I knew I would get a comment like this.
Do we really think there are ten of thousands of nodes not accepting connecting being spun up in secret? Or can we go with the simpler explanation of not many people are bothering to spin up a node and we shouldn't be making it harder to do so because at some point it may or may not be a problem.
Well, yes. If the service only records nodes that it can establish a connection to, then it wouldn't reflect those which aren't allowing it. There really isn't a reliable way to get every single node in the world.
There really isn't anyone trying to make the synchronization any harder than it is. Loads of optimizations have been made but older computers will still suffer due to their hardware. IBD will be the longest process for most so it really isn't that big of a concern as you're only doing it once.
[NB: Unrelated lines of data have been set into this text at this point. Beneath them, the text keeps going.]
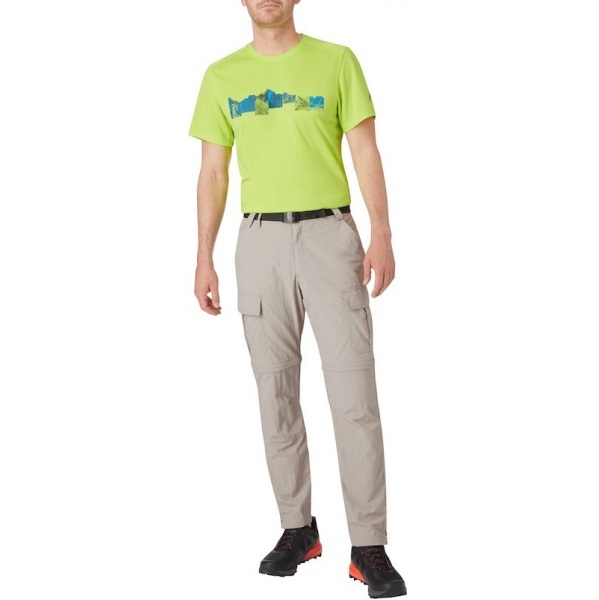 Брюки McKinley Amite III mn 286135-029 р. 56 серый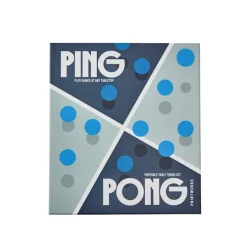 Portable Table Tennis - Ping Pong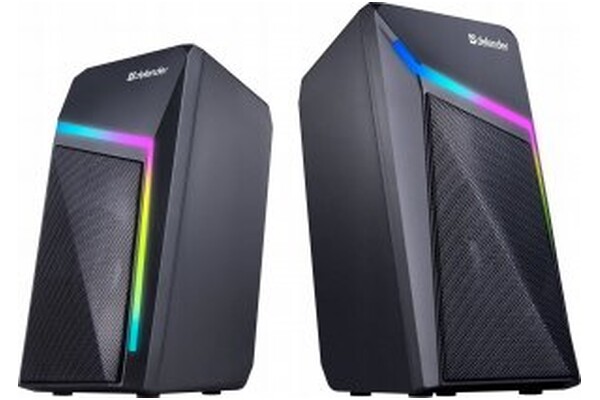 głośnik Bluetooth DEFENDER Stellar czarny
Samsung SN550, if a QLC drive causes it to take 4 weeks to sync something is really broken with the network. But like I said when I manually added a bunch of nodes that had either TELUS or Google Fiber as their ISPs my sync time dropped to 40 hours. Slowly as they disconnect and I go back to the 8-9 nodes my sync time goes back to 3 weeks.
Definitely shouldn't take 4 weeks, especially with NVMe if you're talking about WD SN550. My synchronization took a day with my HDD and 6 hours on my SATA SSD but they had 6GB of dbcache. Is your ISP throttling your connection by any chance?